▸ **The task**
Each line below should be repeated exactly as written, with no pictures carried over.

▸ **Data**
----

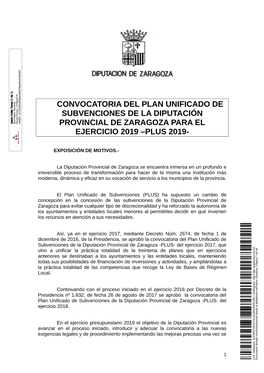 Convocatoria Del Plan Unificado De Subvenciones De La Diputación Provincial De Zaragoza Para El Ejercicio 2019 –Plus 2019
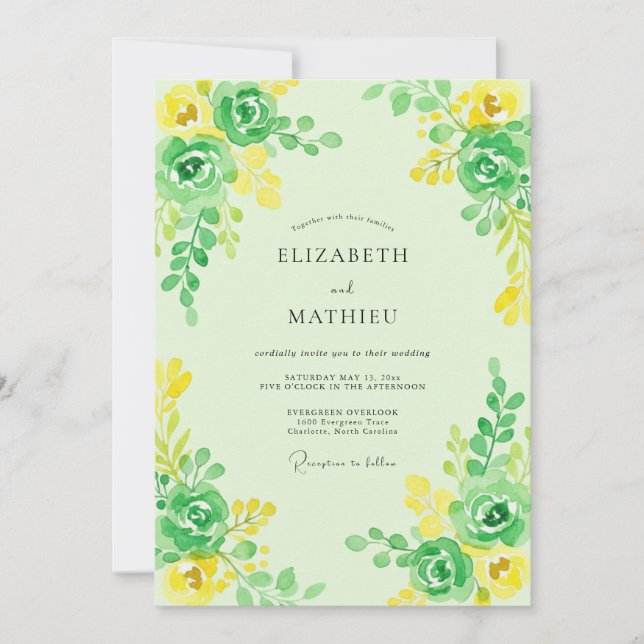 Invitación Boda con follaje de limón y eucalipto (Anverso)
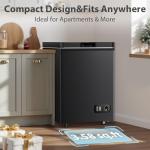 4.2 Cu.Ft Upright Deep Freezer, LifePlus Small Chest Freezer with 7-Temp Settings, Removable Basket & Smooth-Roll Wheels, Ultra Quiet, Energy Saving for Apartments, Garages, Offices, Kitchens,Balck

----

▸ **Reply**
 Convocatoria Del Plan Unificado De Subvenciones De La Diputación Provincial De Zaragoza Para El Ejercicio 2019 –Plus 2019
 Invitación Boda con follaje de limón y eucalipto (Anverso)
 4.2 Cu.Ft Upright Deep Freezer, LifePlus Small Chest Freezer with 7-Temp Settings, Removable Basket & Smooth-Roll Wheels, Ultra Quiet, Energy Saving for Apartments, Garages, Offices, Kitchens,Balck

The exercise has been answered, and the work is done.